Transcribe all of the data exactly. Omit the pictures.
*** Available data ***
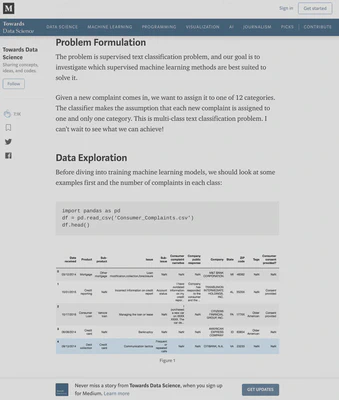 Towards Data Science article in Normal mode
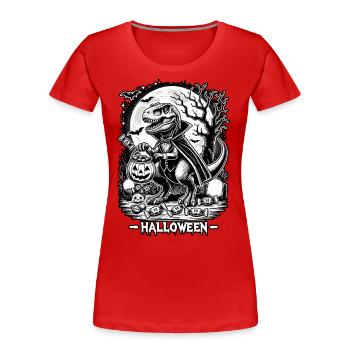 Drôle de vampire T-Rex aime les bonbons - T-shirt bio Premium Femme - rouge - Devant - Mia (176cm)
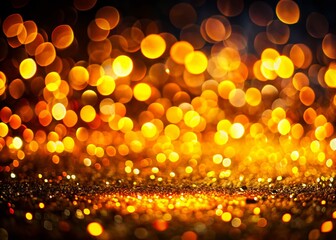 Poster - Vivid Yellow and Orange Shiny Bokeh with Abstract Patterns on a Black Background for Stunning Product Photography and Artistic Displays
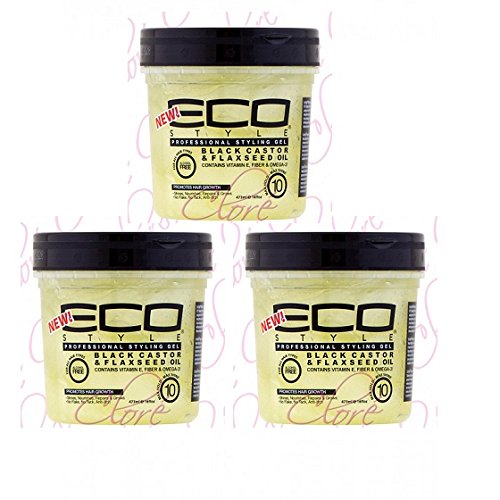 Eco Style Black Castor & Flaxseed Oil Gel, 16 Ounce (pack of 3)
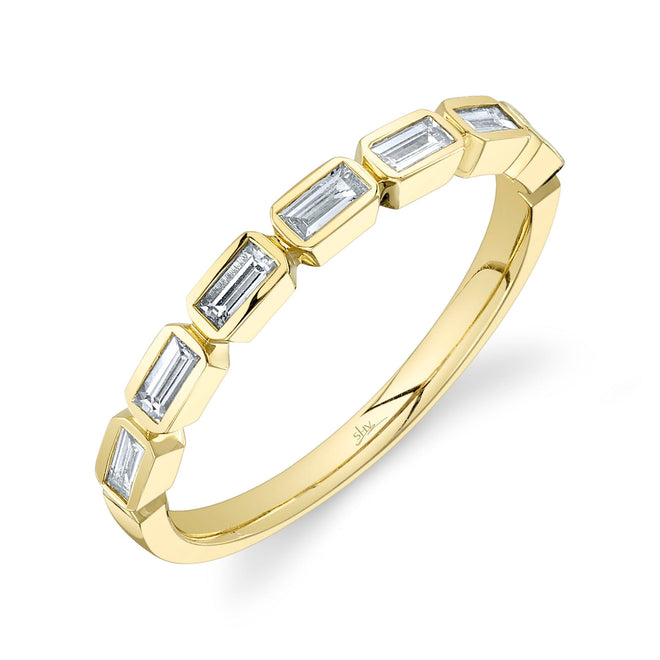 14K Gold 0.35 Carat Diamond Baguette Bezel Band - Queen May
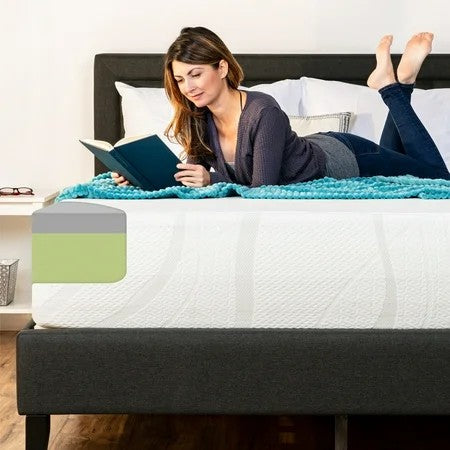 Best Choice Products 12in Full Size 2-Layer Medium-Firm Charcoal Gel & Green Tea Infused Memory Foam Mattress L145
*** End of Available data ***
| Reply |
 Towards Data Science article in Normal mode
 Drôle de vampire T-Rex aime les bonbons - T-shirt bio Premium Femme - rouge - Devant - Mia (176cm)
 Poster - Vivid Yellow and Orange Shiny Bokeh with Abstract Patterns on a Black Background for Stunning Product Photography and Artistic Displays
 Eco Style Black Castor & Flaxseed Oil Gel, 16 Ounce (pack of 3)
 14K Gold 0.35 Carat Diamond Baguette Bezel Band - Queen May
 Best Choice Products 12in Full Size 2-Layer Medium-Firm Charcoal Gel & Green Tea Infused Memory Foam Mattress L145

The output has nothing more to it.